> _WHAT THIS TASK INVOLVES_
Reproduce the lines below exactly, from the one containing "Vente Appartement 5" through the one containing "Innesti - Gianluca", both included. Leave out any pictures.

> _AVAILABLE RECORDS_
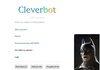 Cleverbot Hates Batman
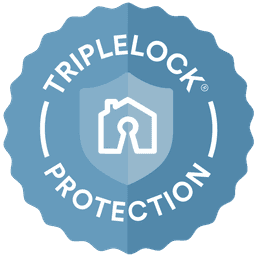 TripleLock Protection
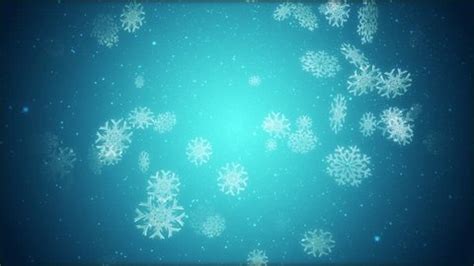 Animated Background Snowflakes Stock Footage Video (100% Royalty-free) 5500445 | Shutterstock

* * *

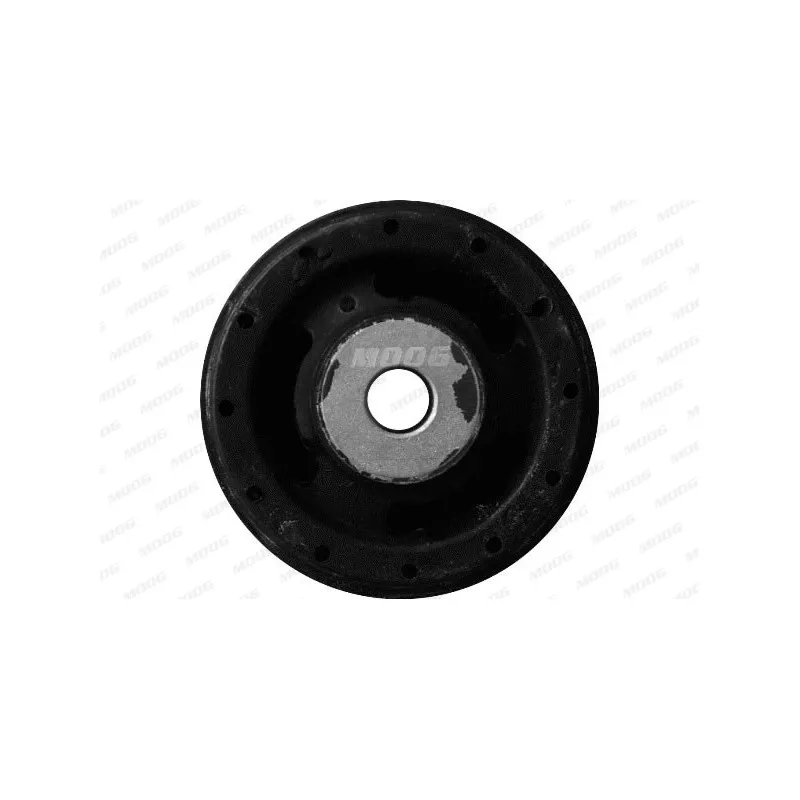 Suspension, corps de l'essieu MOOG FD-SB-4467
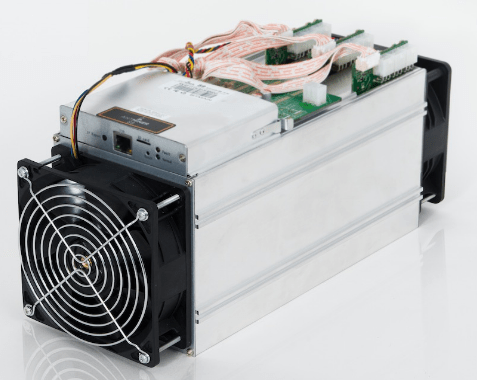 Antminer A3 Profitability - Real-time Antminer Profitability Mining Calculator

==

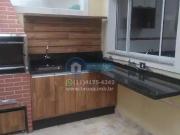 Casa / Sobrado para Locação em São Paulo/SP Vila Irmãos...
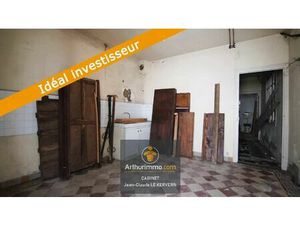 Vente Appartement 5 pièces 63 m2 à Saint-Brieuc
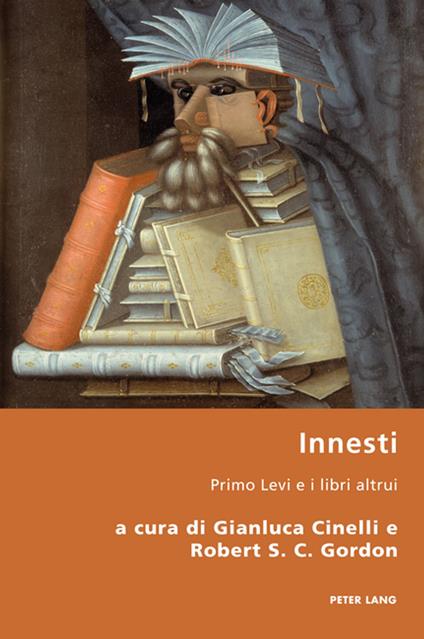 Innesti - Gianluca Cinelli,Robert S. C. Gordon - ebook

> _EXPECTED ANSWER_
 Vente Appartement 5 pièces 63 m2 à Saint-Brieuc
 Innesti - Gianluca Cinelli,Robert S. C. Gordon - ebook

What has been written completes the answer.